**Problem statement:**
Starting at the first line of the data, print every line up to and including the one with "Плиссированная юбка мини", but no pictures.

**Data to use:**
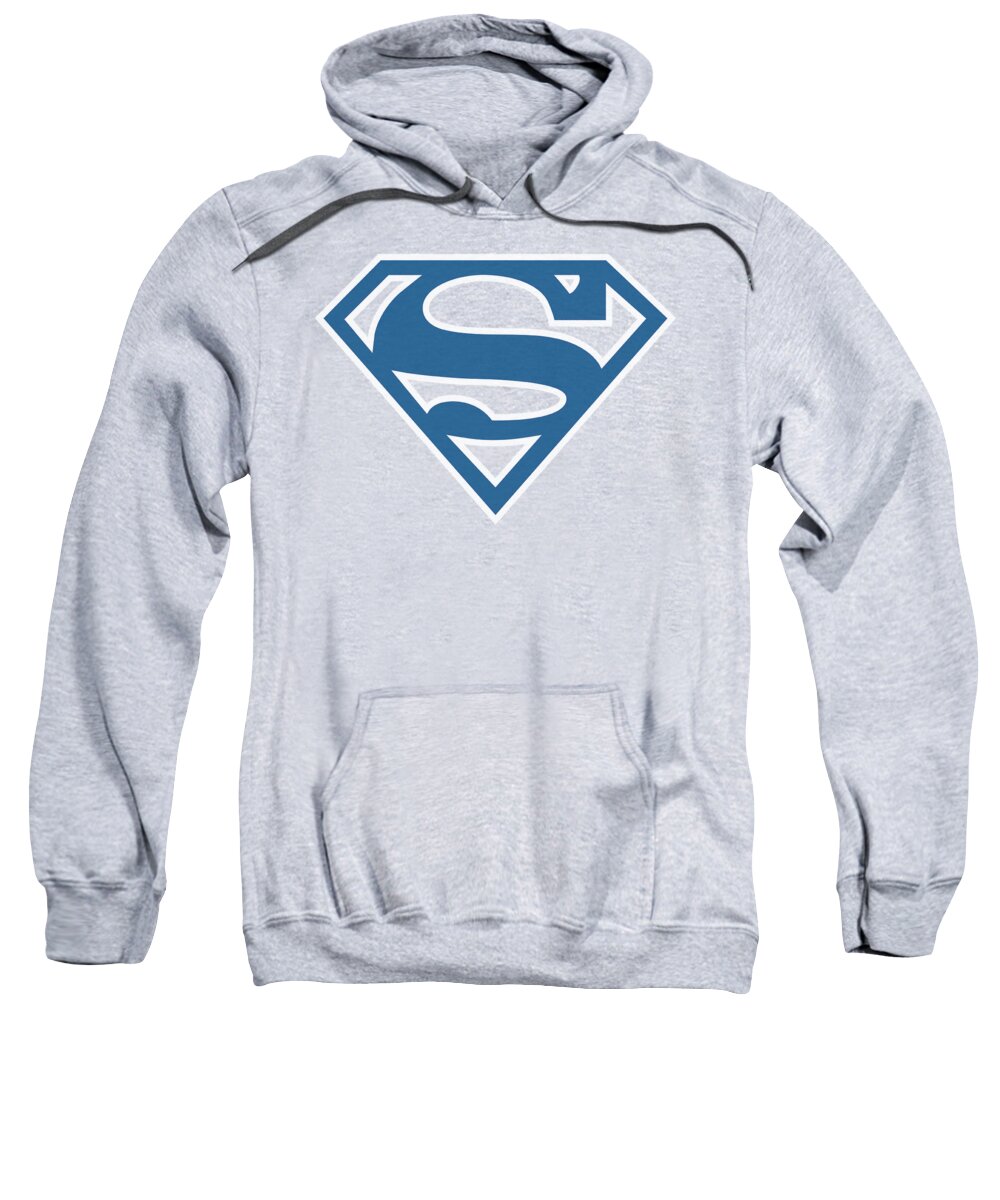 Superman Sweatshirt featuring the digital art Superman - Blue And White Shield by Brand A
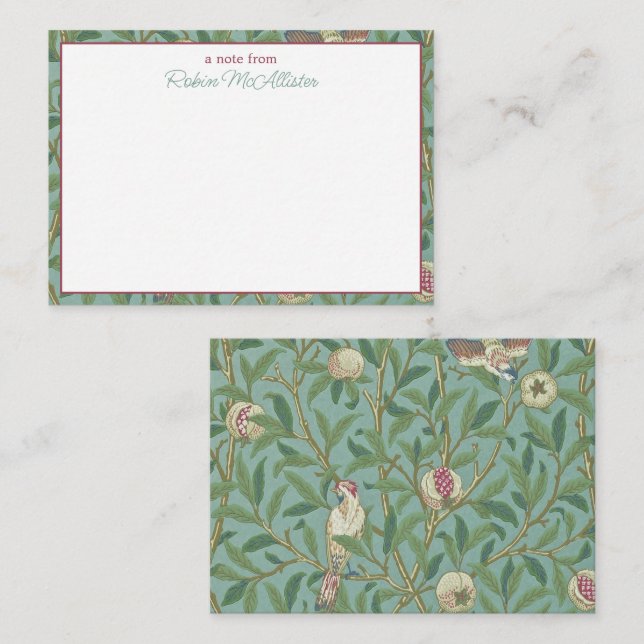 William Morris, Birds and Pommegrenates - Green Note Card (Front/Back)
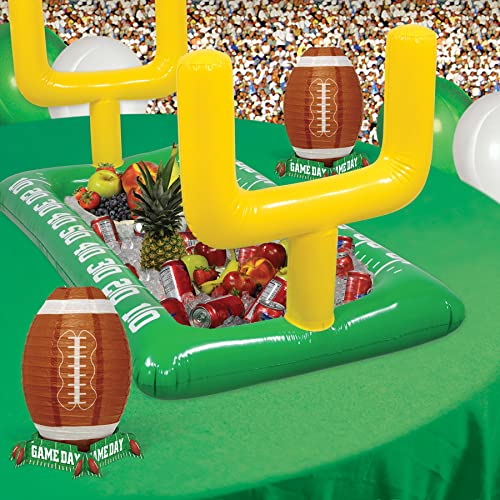 Beistle Inflatable Football Field Buffet Cooler with Goal Posts, 28” x 4’ 5.75” - Food & Drink Cooler, Drink Containers for Parties, Football Party Decorations, Game Day Coolers - style: Football Field Buffet Cooler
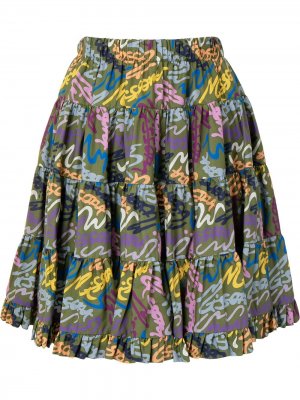 Плиссированная юбка мини с логотипом M Missoni. Цвет: зеленый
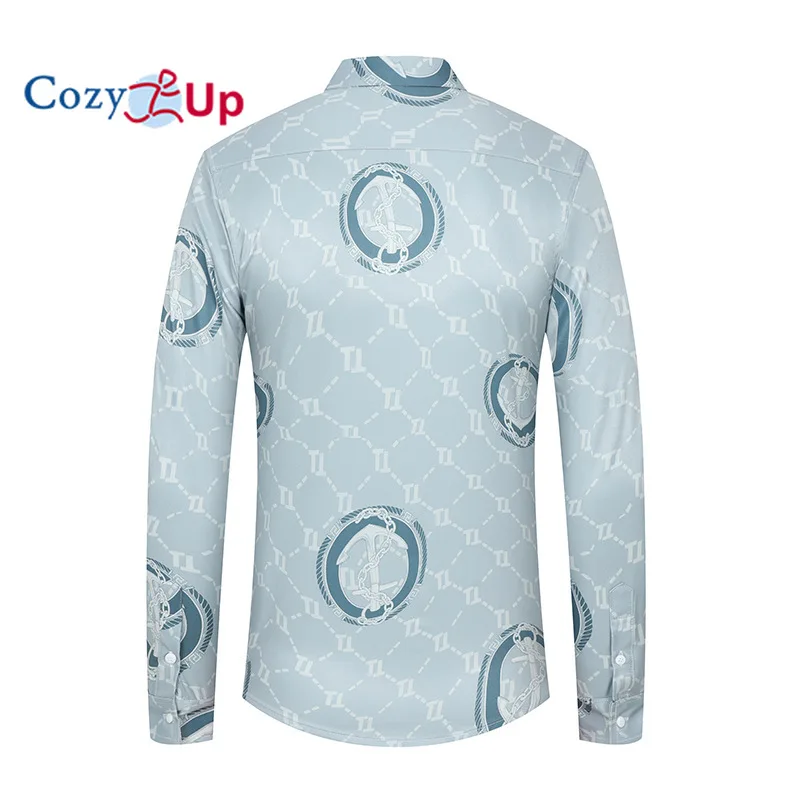 Men's Lapel Non Ironing Long Sleeved Shirt, Digital Printed Casual Slim Fit Shirt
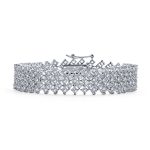 Bridal Special Occasion Jewelry Multi Row Wide Cubic Zirconia CZ Statement Bracelet Silver Plated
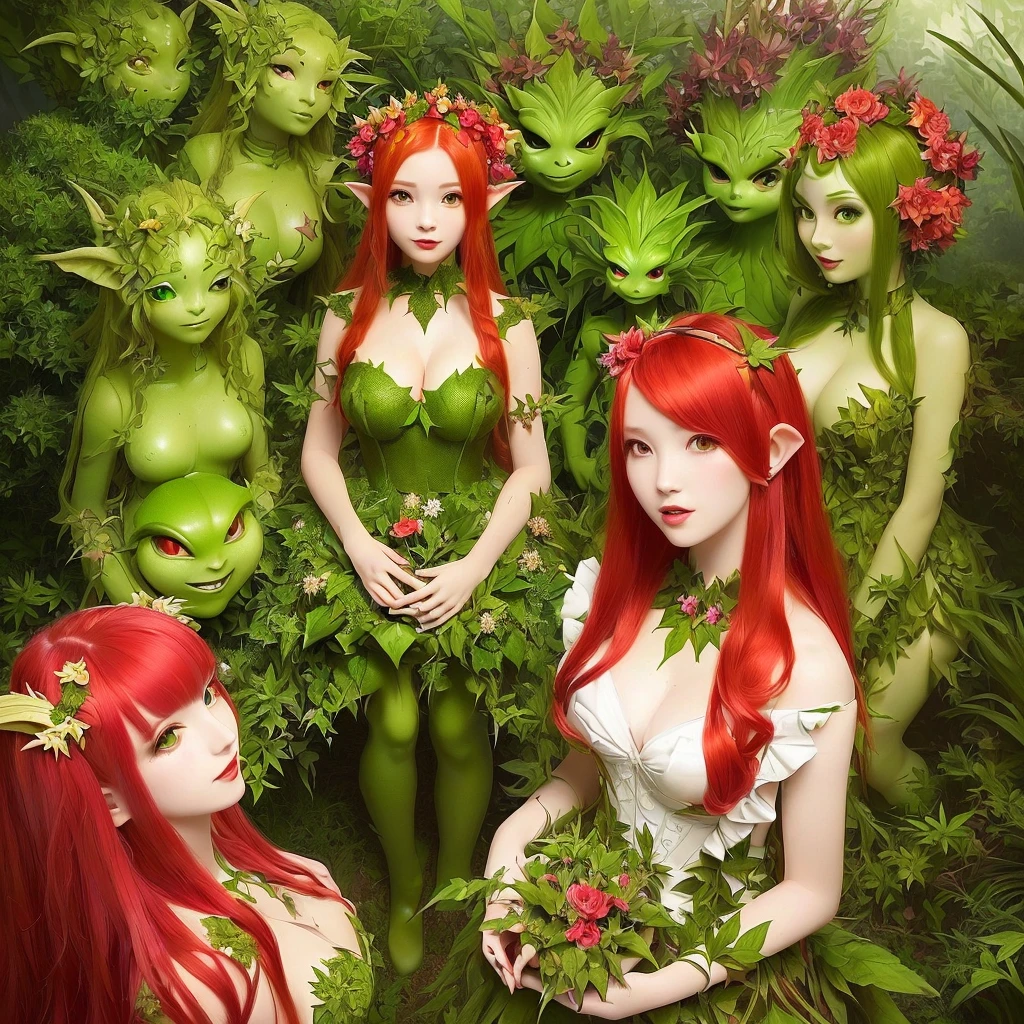 image of a girl with red hair and green dress, humanoid flora, plant monster, alien flora, elf girl wearing an flower suit, a plant monster, poison ivy, flower queen, chibi, lamia, character art of maple story, monster girl, tatsumaki, alien plant, a humanoid thistle monster, alien princess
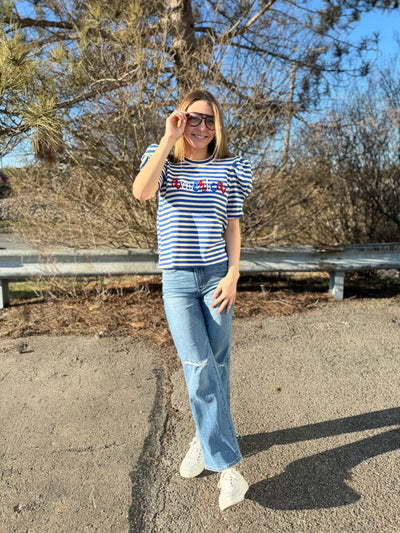 Dolly - America Graphic Puff Sleeve Striped Shirt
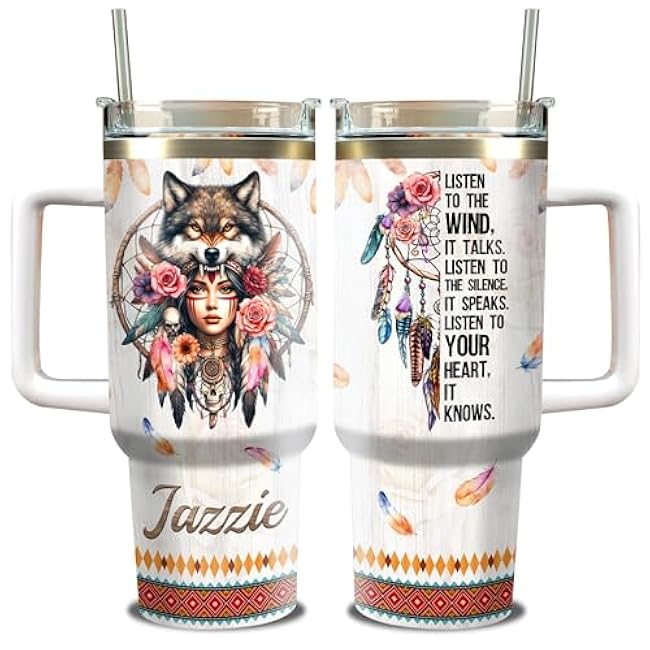 WAZONE Personalized Native American 40oz Tumbler with Handle and Straw Lid Insulated Cup Stainless Steel Coffee Mug Custom Name Inspiration for Women Vintage Wolf Skull Flower Indigenous Girls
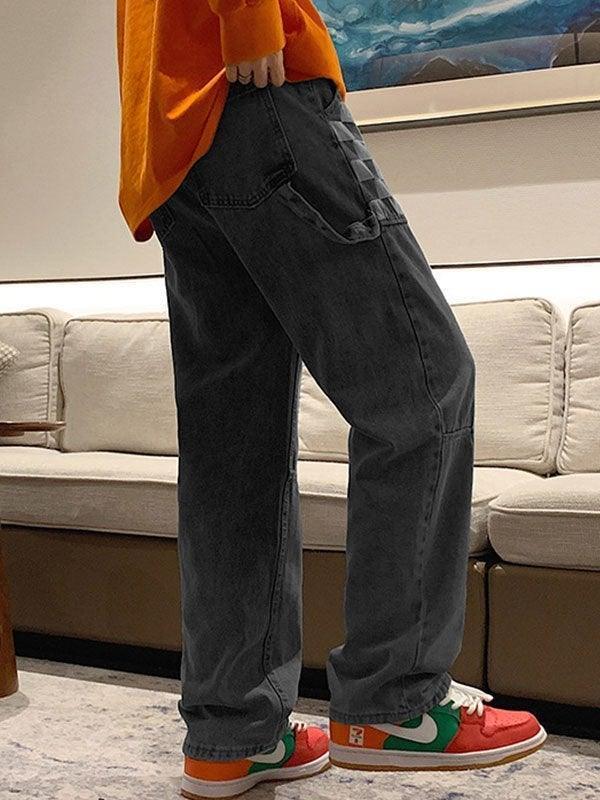 Threebooy Men's Washed Checkered Patchwork Jeans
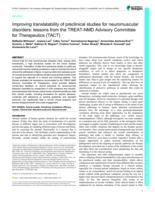 Improving translatability of preclinical studies for neuromuscular disorders: lessons from the TREAT-NMD Advisory Committee for Therapeutics (TACT)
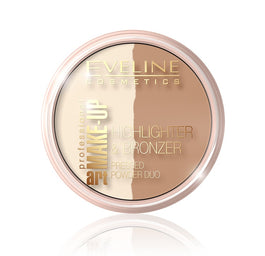 Eveline Cosmetics Art Make-Up Highlighter&Bronzer Pressed Powder puder rozświetlająco-brązujący 57 Glam Dark 12g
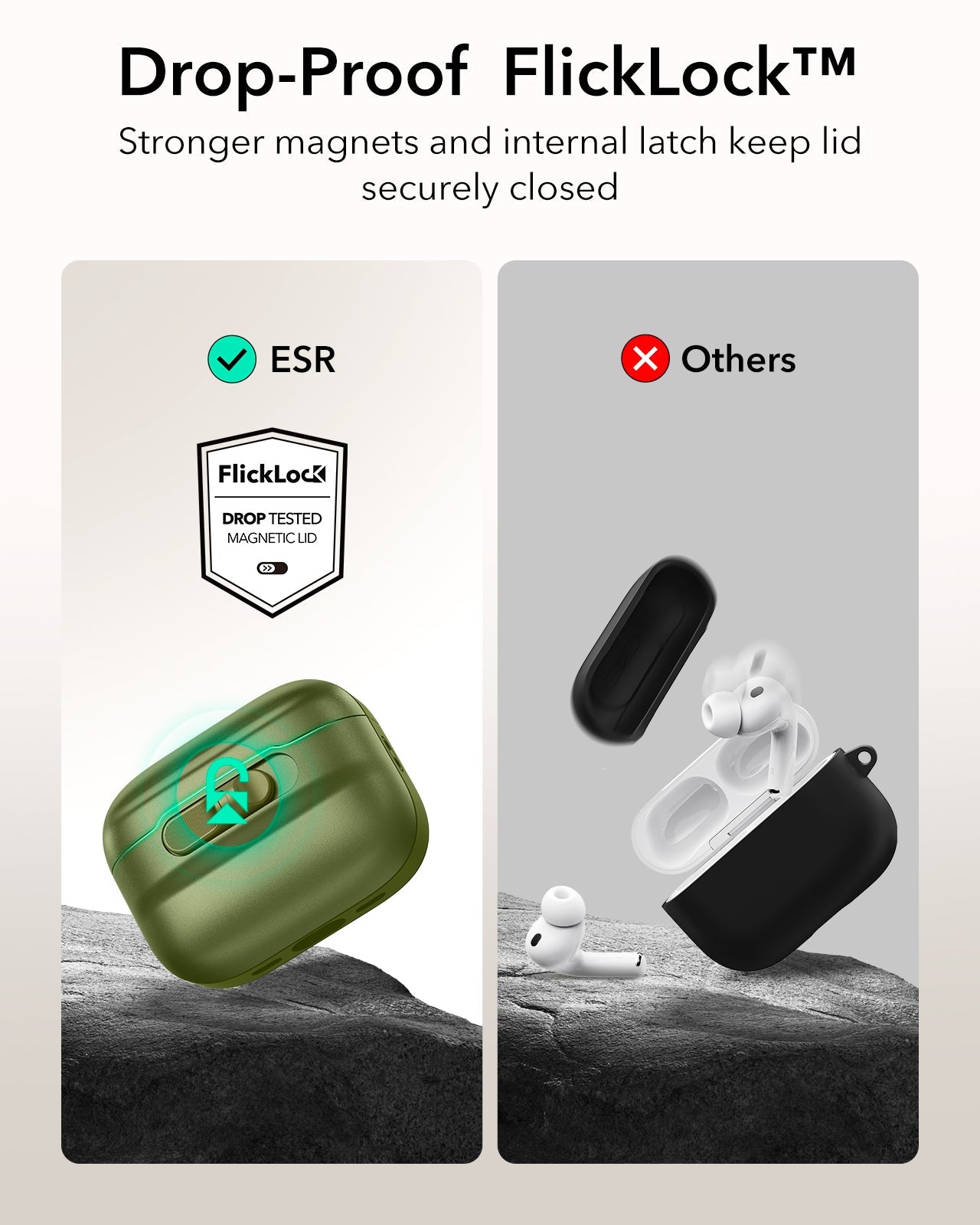 Green Securing/Locking AirPods Pro 3 MagSafe Case with Lanyard|ESR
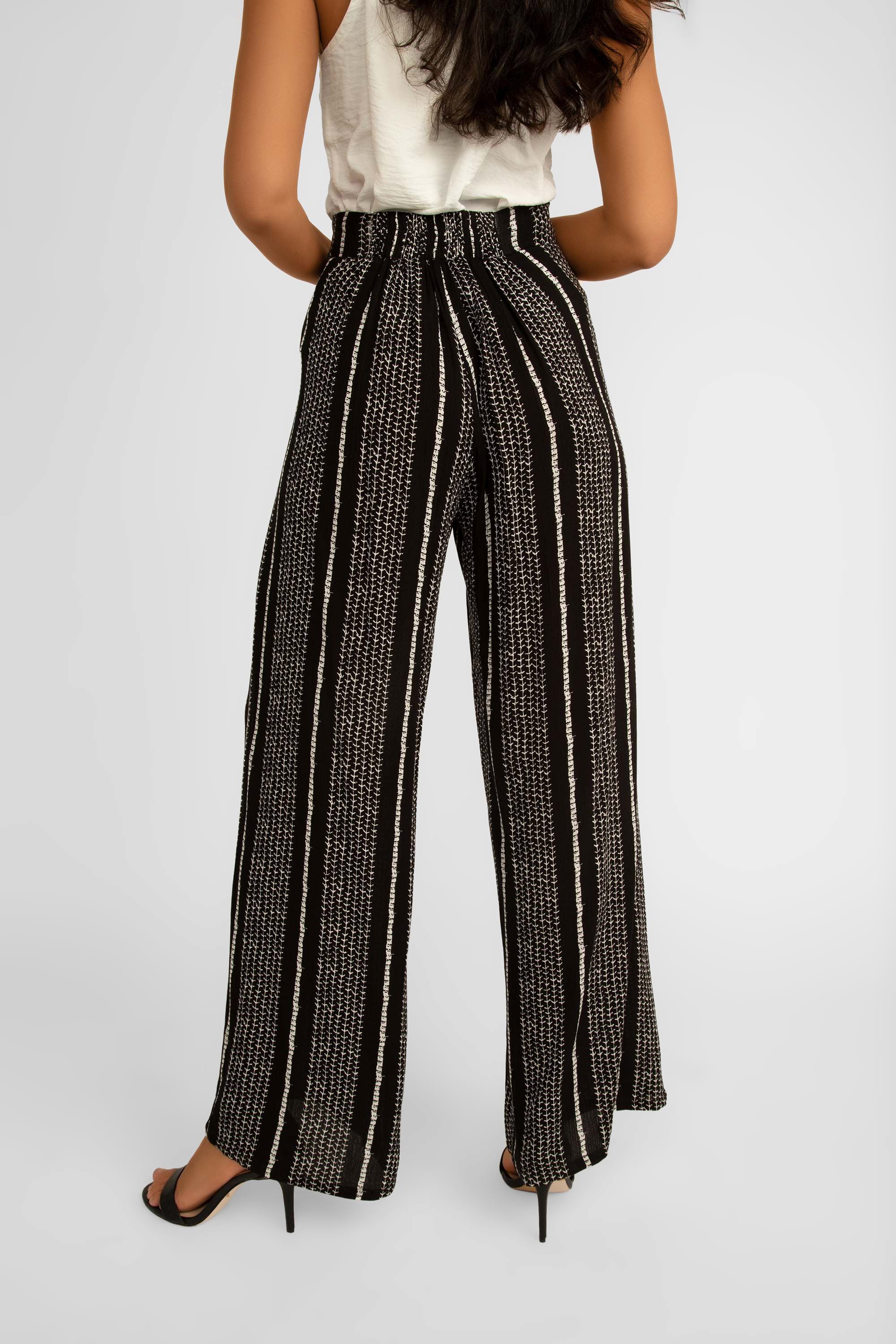Back view of Picadilly (JM085XN) Women's Black & White High Rise Wide Leg Striped Rayon Pants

**Solution below:**
 Superman Sweatshirt featuring the digital art Superman - Blue And White Shield by Brand A
 William Morris, Birds and Pommegrenates - Green Note Card (Front/Back)
 Beistle Inflatable Football Field Buffet Cooler with Goal Posts, 28” x 4’ 5.75” - Food & Drink Cooler, Drink Containers for Parties, Football Party Decorations, Game Day Coolers - style: Football Field Buffet Cooler
 Плиссированная юбка мини с логотипом M Missoni. Цвет: зеленый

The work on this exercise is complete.